Q: What do you hope to learn and accomplish through this work?

A: It is expensive to be poor in America. The less money you have, the more money it costs to deal with money. We have built a financial services system that is a reverse Robinhood, taking from those with less and showering benefits on those with more.

For example, a basic checking account is often free as long as you have $1,000 in the bank and when you have less than $1,000 in the bank, it’s $10 a month. Access to credit, whether in the form of a $500 loan or simply a few days of overdraft coverage when your bank account goes below zero is shockingly expensive if you’re living paycheck-to-paycheck, while it’s relatively cheap to borrow $20,000 if you’re wealthy.

My project is trying to reimagine the financial system from the point of view of working people. That is, if we were going to build a new basic financial services system from scratch to meet the needs of people with low-to-moderate incomes, what would such a system look like?

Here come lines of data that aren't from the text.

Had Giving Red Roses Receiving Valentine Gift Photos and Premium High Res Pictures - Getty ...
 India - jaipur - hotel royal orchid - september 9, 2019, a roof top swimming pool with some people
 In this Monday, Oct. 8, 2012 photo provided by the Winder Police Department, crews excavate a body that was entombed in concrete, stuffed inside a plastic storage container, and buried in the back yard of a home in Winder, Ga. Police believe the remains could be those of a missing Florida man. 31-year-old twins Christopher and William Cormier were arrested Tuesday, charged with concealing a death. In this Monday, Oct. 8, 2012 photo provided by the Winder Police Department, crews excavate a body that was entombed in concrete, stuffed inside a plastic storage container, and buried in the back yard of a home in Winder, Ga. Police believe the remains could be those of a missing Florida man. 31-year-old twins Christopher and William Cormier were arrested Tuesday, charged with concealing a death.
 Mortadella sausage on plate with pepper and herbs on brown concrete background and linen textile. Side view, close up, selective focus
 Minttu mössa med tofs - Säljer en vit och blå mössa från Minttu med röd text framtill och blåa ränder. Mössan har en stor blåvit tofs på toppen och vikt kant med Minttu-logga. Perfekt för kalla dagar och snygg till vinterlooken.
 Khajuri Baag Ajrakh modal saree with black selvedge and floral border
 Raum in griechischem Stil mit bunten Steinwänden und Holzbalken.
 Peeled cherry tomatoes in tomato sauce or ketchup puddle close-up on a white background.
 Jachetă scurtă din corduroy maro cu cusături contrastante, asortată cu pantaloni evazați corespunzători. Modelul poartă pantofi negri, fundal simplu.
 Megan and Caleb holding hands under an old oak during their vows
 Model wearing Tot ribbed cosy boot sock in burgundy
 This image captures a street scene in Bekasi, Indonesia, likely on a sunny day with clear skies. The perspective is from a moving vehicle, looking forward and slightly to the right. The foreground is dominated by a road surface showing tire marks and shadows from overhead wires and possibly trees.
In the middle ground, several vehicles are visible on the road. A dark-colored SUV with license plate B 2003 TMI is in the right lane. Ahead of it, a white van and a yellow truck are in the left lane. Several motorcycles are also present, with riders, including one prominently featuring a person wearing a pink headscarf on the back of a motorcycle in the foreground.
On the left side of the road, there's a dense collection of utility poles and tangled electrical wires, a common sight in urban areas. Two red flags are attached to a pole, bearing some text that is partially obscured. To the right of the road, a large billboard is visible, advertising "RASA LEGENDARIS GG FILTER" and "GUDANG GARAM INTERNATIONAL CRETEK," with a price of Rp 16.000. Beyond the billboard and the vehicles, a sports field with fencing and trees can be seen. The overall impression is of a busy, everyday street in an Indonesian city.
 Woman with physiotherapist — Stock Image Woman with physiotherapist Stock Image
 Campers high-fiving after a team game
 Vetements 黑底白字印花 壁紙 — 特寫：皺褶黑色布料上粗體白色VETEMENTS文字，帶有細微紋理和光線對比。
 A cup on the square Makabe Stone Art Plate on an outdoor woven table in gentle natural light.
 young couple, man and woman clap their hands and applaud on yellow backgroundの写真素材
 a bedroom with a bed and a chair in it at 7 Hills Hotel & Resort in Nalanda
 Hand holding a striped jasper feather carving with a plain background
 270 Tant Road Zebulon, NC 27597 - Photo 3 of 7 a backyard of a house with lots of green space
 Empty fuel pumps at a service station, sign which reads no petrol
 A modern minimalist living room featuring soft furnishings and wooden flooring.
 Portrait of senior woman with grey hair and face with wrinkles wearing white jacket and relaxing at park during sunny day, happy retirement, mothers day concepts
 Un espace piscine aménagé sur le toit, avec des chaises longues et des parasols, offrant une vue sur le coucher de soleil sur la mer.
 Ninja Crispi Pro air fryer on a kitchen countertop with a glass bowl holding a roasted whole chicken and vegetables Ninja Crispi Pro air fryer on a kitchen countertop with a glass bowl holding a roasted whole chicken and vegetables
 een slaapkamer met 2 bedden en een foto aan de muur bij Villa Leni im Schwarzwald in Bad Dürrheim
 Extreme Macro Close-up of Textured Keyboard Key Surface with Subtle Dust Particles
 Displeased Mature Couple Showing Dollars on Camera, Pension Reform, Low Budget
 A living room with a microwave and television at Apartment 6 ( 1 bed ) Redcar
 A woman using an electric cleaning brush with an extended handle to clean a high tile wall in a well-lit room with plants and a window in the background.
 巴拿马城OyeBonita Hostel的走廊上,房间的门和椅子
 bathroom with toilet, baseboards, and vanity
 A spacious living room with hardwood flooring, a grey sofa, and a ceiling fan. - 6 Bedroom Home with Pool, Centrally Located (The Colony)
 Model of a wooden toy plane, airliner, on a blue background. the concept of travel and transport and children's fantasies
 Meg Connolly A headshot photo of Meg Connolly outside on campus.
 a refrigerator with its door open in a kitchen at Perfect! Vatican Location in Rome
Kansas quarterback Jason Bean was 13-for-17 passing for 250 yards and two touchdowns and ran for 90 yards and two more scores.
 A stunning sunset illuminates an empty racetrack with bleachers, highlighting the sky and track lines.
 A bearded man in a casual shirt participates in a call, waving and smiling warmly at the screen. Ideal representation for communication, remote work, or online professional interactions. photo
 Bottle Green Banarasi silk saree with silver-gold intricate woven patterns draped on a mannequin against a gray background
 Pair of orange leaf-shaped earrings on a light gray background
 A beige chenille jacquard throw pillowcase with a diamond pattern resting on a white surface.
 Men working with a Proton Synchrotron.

Too often the research and policymaking in financial services has been driven by assumptions held by those with money about how those without money live. By listening to working families, I hope to find new facts and realities about the world they experience. For example, my past RWJF-funded research uncovered that 70% of people who use check cashers also have a bank account. When faced with that data, you realize the policy prescription of getting people into the banking system is not the solution to expensive alternative financial services such as check cashing. That’s why we want to start by finding out what consumers need from their perspective, then imagine what the system to meet those needs could look like.

Photo by Ales Nesetril on Unsplash

Q: What signals of the future or emerging trends were you noticing that led you to want to do this project?

A: The digitization of financial services is creating a whole new way for people to move, access and engage with money. For example, it’s allowing people to access their money without requiring physical proximity, and opening up a brand-new set of information available to make credit determination. This trend presents an amazing opportunity to alter and propose new sets of financial services in the 21st century where the power of a bank branch is in the palm of every smartphone.

Second, the crypto boom was heavily adopted by young people and people of color. This indicates a willingness of millions of people who were ill-served by the current system to jump headfirst into a new system. Crypto has faced major problems and may not be the right answer, but the fact that so many people with so little were willing to invest and give it a shot signals a huge appetite for something new and different.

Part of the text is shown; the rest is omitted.